**Available data:**
:::
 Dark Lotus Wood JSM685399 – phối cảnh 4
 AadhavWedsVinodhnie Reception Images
:::
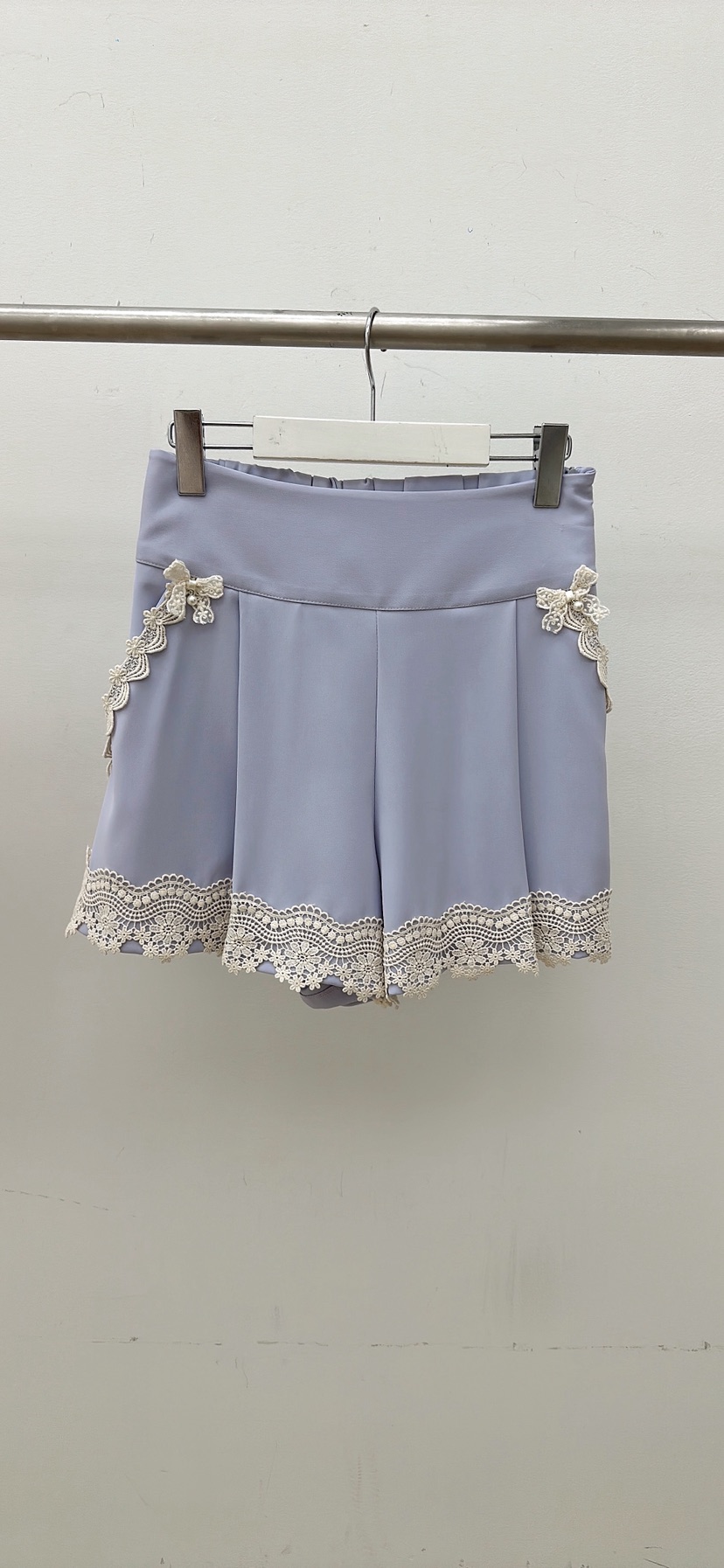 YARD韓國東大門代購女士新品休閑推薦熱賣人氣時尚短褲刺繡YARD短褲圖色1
:::
**What to do:**
Proceeding from the line containing "Dark Lotus Wood JSM685399 – phối cảnh 4" through the line containing "AadhavWedsVinodhnie Reception Images", transcribe the lines above exactly, both end lines included.

**The completed task:**
 Dark Lotus Wood JSM685399 – phối cảnh 4
 AadhavWedsVinodhnie Reception Images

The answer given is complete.